MATERIAL SUPPLIED:
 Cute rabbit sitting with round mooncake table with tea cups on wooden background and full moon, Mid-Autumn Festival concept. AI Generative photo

---

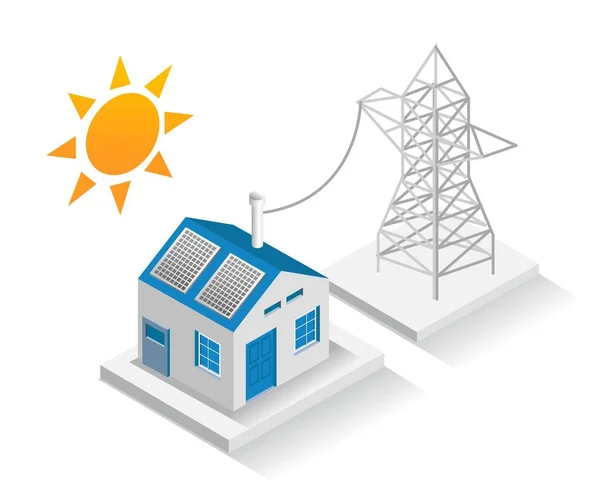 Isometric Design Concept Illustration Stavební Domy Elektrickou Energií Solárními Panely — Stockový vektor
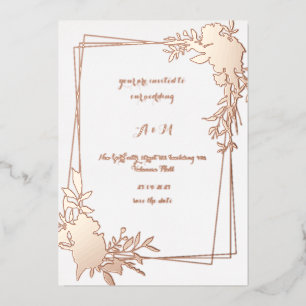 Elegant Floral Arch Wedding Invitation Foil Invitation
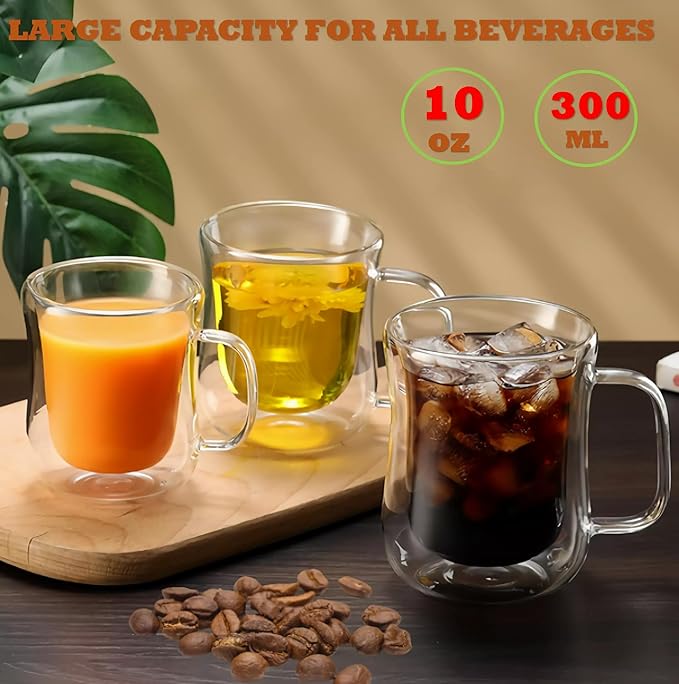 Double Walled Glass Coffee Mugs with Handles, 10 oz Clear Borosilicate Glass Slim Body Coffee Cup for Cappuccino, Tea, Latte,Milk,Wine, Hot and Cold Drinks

EXERCISE REQUIREMENTS:
Give back, exactly and without pictures, the stretch of the records above from the line containing "Isometric Design Concept" through the line containing "Double Walled Glass", with both end lines included.

RESULT FOR THIS EXERCISE:
 Isometric Design Concept Illustration Stavební Domy Elektrickou Energií Solárními Panely — Stockový vektor
 Elegant Floral Arch Wedding Invitation Foil Invitation
 Double Walled Glass Coffee Mugs with Handles, 10 oz Clear Borosilicate Glass Slim Body Coffee Cup for Cappuccino, Tea, Latte,Milk,Wine, Hot and Cold Drinks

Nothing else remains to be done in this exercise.